OUSU condemned the march in a statement realeased earlier in the week stating, “OUSU condemns the EDL and its views. Muslims are a valued part of our community and the lies and violence with which the EDL target them and their faith are unacceptable. We stand in solidarity with Muslim students and residents of Oxford who may be adversely affected by the march.

“We recognise the risk posed by the march to the welfare of students who are in Oxford. People of all faiths and ethnicities should be welcome in Oxford, and the presence of the EDL is a barrier to this. As far as OUSU is concerned, the EDL is not welcome in Oxford.”

The Oxford Islamic Society likewise condemned the march in their statement, commenting, “Islam is the faith of almost three million Britons and the EDL’s rhetoric of hate and division flies in the face of Islam as understood by the almost three million Britons.

“There are up to 500 people who are expected to attend the March so we would just like to ask anyone who will be in Oxford on Saturday to be cautious, sensible and try to stay away from the town centre if possible. Most importantly, remember to place your trust in Allah (SWT) and seek His protection. A perfect Muslim is one from whose tongue and hands mankind is safe, and a true emigrant is one who flees from what God has forbidden.

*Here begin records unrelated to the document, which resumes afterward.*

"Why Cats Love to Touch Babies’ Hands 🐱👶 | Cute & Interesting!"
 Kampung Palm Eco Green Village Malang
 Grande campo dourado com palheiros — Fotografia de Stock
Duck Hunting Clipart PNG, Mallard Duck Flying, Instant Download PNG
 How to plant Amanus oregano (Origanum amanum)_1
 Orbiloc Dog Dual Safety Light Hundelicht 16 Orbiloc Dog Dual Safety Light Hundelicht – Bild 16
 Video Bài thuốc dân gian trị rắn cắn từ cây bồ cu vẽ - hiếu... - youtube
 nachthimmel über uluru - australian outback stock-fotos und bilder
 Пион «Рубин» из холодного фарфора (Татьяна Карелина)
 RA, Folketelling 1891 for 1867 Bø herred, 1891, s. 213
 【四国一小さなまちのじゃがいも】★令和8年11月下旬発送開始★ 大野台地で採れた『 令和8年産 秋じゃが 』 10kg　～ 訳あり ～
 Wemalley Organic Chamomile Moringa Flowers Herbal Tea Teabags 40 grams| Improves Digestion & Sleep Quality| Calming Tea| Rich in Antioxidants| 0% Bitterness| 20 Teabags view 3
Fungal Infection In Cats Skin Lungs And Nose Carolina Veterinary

“For those who want to take a more active stance, there will be an interfaith circle organized as a counter to the EDL. This will be at midday, outside the shop ‘Lush’ on Saturday.”

The EDL march began at Oxford train station at about 2pm on Saturday and ended up outside St. Aldate’s police station.
 Police temporarily closed Queen’s Street and St. Aldate’s as the march passed through, causing some traffic problems. The EDL demonstrators left the city at about 5pm.